Ainsi, aussi bien au niveau de sa mise en œuvre que de son évaluation, le dispositif est pensé comme une organisation favorisant les apprentissages de tous les acteurs impliqués en contact les uns avec les autres. La volonté interministérielle d’ouverture s’est aussi manifestée en associant à tous les niveaux des acteurs de diverses appartenances sectorielles. L’opportunité est ainsi offerte d’un réel travail plurisectoriel, tout en affirmant la place centrale des acteurs scolaires dans la promotion de la santé et du bien-être à l’école. Cette volonté de favoriser la plurisectorialité s’impose au vu de la variété des thématiques et des intervenants associés à la notion de bien-être en milieu scolaire.

Les processus d’appui aux établissements tout comme les autres repères issus de ces deux ans d’expérience seront présentés dans le rapport ‘EvalCBE.2’ qui sera diffusé fin octobre 2013 (3)auprès des acteurs du dispositif à tous les étages, puis commenté et approfondi par ceux-ci lors d’une ‘journée d’envol’ le 4 novembre.

On y abordera notamment les atouts et contraintes du travail plurisectoriel qui constitue un défi d’autant plus difficile à relever que l’on se rapproche du niveau global du dispositif.
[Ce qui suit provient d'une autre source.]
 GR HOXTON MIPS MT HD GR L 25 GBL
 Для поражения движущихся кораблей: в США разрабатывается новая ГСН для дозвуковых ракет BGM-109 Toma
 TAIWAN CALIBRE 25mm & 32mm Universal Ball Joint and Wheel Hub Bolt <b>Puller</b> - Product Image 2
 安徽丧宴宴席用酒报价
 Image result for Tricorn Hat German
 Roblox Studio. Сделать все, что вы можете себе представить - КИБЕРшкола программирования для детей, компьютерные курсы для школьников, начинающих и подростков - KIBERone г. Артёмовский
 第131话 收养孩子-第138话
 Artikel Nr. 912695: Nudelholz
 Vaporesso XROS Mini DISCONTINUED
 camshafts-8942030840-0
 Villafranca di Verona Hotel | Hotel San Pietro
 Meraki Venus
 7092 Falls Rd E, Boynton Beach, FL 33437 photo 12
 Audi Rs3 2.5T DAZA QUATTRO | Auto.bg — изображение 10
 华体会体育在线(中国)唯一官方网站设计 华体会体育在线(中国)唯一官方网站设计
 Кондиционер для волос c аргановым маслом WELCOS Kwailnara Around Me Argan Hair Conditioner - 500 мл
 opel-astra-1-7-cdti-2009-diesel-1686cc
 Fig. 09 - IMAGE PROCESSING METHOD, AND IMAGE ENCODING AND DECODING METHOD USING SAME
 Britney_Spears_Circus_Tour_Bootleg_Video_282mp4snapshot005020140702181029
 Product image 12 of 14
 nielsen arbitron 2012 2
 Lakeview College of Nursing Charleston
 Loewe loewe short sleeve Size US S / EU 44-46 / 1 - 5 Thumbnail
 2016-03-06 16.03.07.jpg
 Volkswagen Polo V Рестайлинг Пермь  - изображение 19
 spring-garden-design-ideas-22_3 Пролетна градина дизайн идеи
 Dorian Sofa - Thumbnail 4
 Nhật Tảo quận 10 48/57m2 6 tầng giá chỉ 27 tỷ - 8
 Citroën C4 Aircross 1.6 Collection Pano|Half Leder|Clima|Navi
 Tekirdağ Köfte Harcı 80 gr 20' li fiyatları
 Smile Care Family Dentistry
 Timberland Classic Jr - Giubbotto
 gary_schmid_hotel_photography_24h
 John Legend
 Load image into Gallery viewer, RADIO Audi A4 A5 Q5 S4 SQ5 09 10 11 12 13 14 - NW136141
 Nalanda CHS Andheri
Bien que complexe, ce travail est précieux car il est source d’une diversification des regards sur les conditions internes et externes de la promotion du bien-être pour les enfants et les jeunes, mais aussi pour leurs éducateurs et enseignants. C’est pour ouvrir cette perspective que nous avons proposé aux services d’accompagnement de partager avec les lecteurs d’Éducation Santé un morceau de leur expérience de collaboration avec les écoles participantes. Quatre services issus d’autres secteurs que la Santé et l’Enseignement ont répondu à cet appel et ont accepté de braquer le projecteur sur une des facettes qui les a particulièrement interpellés dans l’accompagnement des Cellules bien-être. Nous les en remercions.

Contact: Isabelle Polain, chargée de mission ‘Cellule bien-être’, DGEO, rue Adolphe Lavallée 1, 1080 Bruxelles. Courriel: isabelle.polain@cfwb.be.

(1) Disponible à l’adresse suivante ( http://www.enseignement.be/index.php?page=26753&navi;=3375 ). On y trouve aussi la liste des établissements participants, la composition du comité opérationnel et de l’assemblée stratégique, et enfin des récits de leur expérience par les Cellules bien-être .
(2) Si l’intersectorialité est le but à atteindre, supposant des objectifs communs, des cadres de référence co-construits, très souvent les réalisations en sont encore aux prémices, cherchant comment mieux comprendre et faire coexister les cadres de référence des uns et des autres et s’enrichir réciproquement. Nous utiliserons donc aussi, dans ce texte, le terme ‘pluri-sectoriel’.